When my students and colleagues ask me whether a particular statistical method is appropriate, I invariably tell them to state their research question and the answer will be clear. Applying the same approach to regression models reveals the real barrier to using automatic model fitting procedures to answer the question, "Which variables are important?"
Let's back up. It is well-known that when testing whether the mean change produced by a treatment is different for two groups, it is not appropriate to evaluate the mean change for each group separately. That is, it is not appropriate to say the groups are different if the mean change in one group is statistically significant while the other is not. It may be that the mean changes are nearly identical, with the P value for one group being slightly less than 0.05 and the other slightly more than 0.05. To determine whether the mean changes for the two groups differ, the changes have to be compared directly. perhaps by using Student's t test for independent samples applied to changes for the two groups..
There's a similar problem with simplifying multiple regression models. The automatic techniques find a model that fits the data. However, the question isn't just a matter of what model fits the data, but what model is demonstrably better than all other models in terms of fit or relevance. In order to do this, automatic procedures would have to compare models to each other directly, but they don't! At least the stepwise procedures don't.

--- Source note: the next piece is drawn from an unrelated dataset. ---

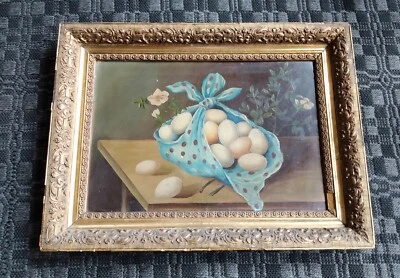Antique Folk Art Blue Dot Handkerchief & Eggs Primitive Still Life Oil Painting - Image 1 of 4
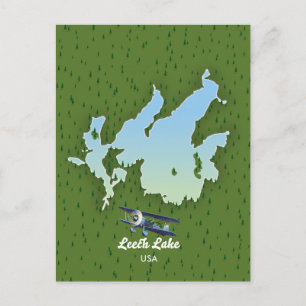 Invitation Carte Postale Plan de voyage du lac Leech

The "all possible models" approach may suffer from trying to summarize a model in a single number and it certainly overestimates the utility of the models it identifies as best, However, unlike the stepwise procedures, the "all possible models" approach gives the analyst a feel for competing models. Unlike the automatic stepwise procedures which generate a single sequence of models, the "all possible models" approach forces the analyst to come to grips with the fact that there may be many models that look quite different from each other but fit the data almost equally well. However, because the technique overstates the value of the models it identifies as best, it is still necessary for those models to be evaluated in another dataset.